Top of Data section

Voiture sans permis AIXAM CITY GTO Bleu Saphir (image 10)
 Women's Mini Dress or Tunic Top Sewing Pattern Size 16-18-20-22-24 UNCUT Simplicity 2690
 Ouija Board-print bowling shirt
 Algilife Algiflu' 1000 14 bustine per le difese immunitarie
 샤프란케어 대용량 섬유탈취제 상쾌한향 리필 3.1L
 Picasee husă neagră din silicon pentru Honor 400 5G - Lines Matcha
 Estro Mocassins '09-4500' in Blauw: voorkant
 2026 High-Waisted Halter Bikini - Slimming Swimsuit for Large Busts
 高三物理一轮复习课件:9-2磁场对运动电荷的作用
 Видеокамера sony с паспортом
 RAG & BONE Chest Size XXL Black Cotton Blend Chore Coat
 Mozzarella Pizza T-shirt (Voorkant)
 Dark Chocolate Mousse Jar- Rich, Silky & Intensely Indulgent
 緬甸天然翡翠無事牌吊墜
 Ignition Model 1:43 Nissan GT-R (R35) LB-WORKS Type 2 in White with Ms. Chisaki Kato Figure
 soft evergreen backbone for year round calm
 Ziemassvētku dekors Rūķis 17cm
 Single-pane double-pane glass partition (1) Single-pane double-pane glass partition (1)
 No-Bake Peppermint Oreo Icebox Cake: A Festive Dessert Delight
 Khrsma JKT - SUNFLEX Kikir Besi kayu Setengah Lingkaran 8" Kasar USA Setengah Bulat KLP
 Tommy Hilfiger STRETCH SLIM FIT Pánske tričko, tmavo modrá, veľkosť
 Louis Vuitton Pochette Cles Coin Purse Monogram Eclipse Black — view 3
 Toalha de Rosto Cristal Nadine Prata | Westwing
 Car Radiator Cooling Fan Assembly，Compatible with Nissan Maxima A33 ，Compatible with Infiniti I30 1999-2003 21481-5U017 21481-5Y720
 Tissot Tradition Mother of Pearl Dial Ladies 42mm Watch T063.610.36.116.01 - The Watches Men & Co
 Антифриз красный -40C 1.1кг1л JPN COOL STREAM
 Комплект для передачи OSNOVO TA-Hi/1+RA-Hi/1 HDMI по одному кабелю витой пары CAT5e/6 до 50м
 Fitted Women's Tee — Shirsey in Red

Bottom of Data section

[What to produce] Could you repeat exactly the lines above from the line with "Mozzarella Pizza T-shirt (Voorkant)" up to and including the line with "soft evergreen backbone for year round calm", and only those?

[Your solution]
 Mozzarella Pizza T-shirt (Voorkant)
 Dark Chocolate Mousse Jar- Rich, Silky & Intensely Indulgent
 緬甸天然翡翠無事牌吊墜
 Ignition Model 1:43 Nissan GT-R (R35) LB-WORKS Type 2 in White with Ms. Chisaki Kato Figure
 soft evergreen backbone for year round calm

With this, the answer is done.